Typhoon – A New Kind of House 

Typhoon has twelve members and it sometimes swells to up to seventeen on a special night. Simply organizing this many people speaks worlds of lead-singer Kyle Morton’s capacities. But his true talent might actually be keeping this many people silent at the right times. On their new album, A New Kind of House, Morton’s warbly vocals go from whispers to passionate crescendos, often within a single song, and the band follows suit. Backing him with a combination of orchestral landscapes and drama-club choruses, their contributions to his songs are cathartic and uplifting. But this is not at the sacrifice of overall depth. On the contrary, the underlying sadness and loss in the album’s stand out track “Summer Home” is juxtaposed with soaring trumpets and jangling guitar riffs, putting both sorrow and exuberance in stark relief.
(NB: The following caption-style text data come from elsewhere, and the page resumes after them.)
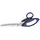 Kretzer 74530 Universal Stoffschere 12cm Schwarz-Blau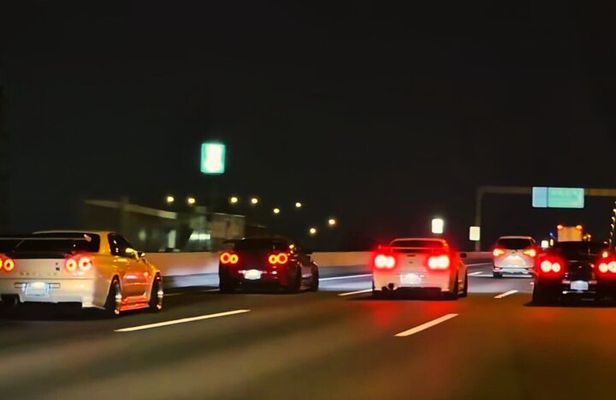 JDM Daikoku Car Meeting and Night Driving Private Tour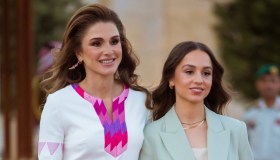 Rania di Giordania, la figlia bellissima si è fidanzata: anello e foto da sogno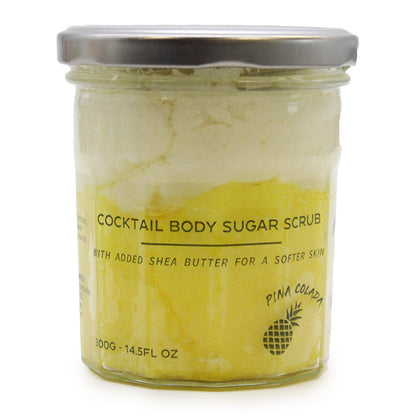 Fragranced Sugar Body Scrub - Pinacolada (300g) | Wellness Haven Store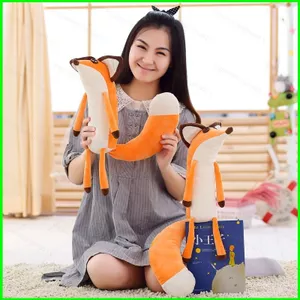PS1 Hoàng Tử Bé Cáo Sang Trọng Búp Bê Quà Tặng Cho Bé Gái Trang Trí Nhà Đồ Chơi Nhồi Bông Cho Trẻ Em Bộ Sưu Tập SP1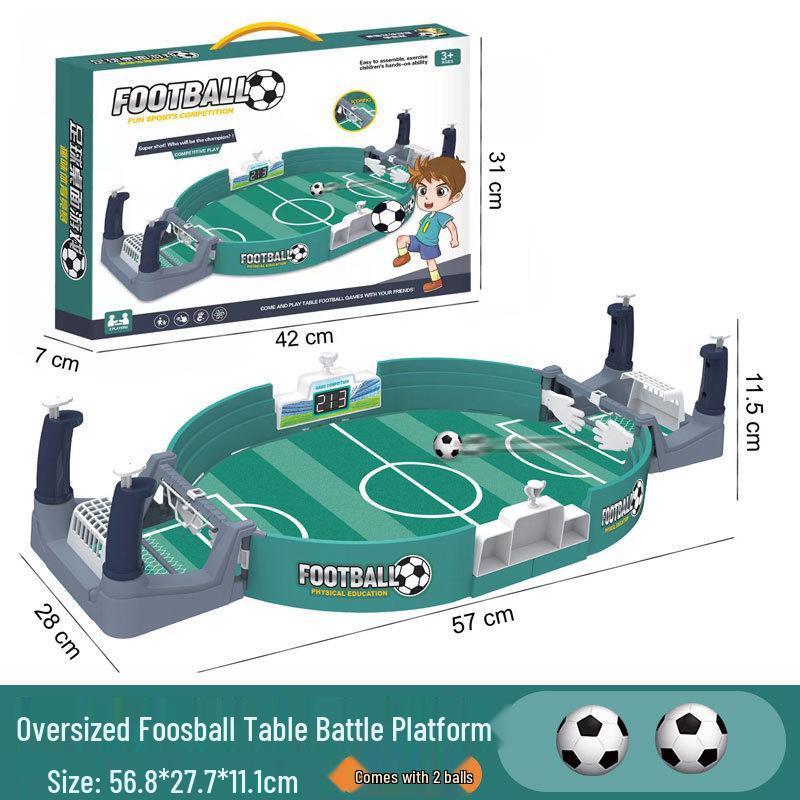 Large Cross-Border Table Football Game for Children - Two-Player Fun Tabletop Soccer Toy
If the sound of 12 über talented hipsters performing anthem indie rock isn’t enough to draw you in, check out this album for the stellar songwriting. Typhoon wouldn’t be the same without the baroque tapestry the band creates, but Morton’s songs could absolutely stand on their own.

 (No mp3 available)

Alela Diane  – Alela Diane & Wild Divine

Those looking for similar sound to Alela Diane’s break-out album To Be Still are not going to find it in her 2011 release Alela Diane & Wild Divine. She’s given her freak folk noire a break and moved out into the country brambles. Thankfully, a good part of her family follows, giving this album a robust and confident twang. Father Tom Menig plays the guitar; often pulling off riffs and tones that sound straight out of a roadside tavern on one of America’s lost highways. New husband Tom Bevitori co-wrote some of the album, and songs like “Long Way Down” and “Desire” are evidence of his knack for penning big, catchy choruses. Overall, Wild Divine will appeal to those with a penchant for artists like Gillian Welch, or older folk-stars like Joan Baez. At only 24 years old, Diane’s voice and subject matter sound like they are channeling an old soul, and she’s setting a new standard for the next generation of folk musicians.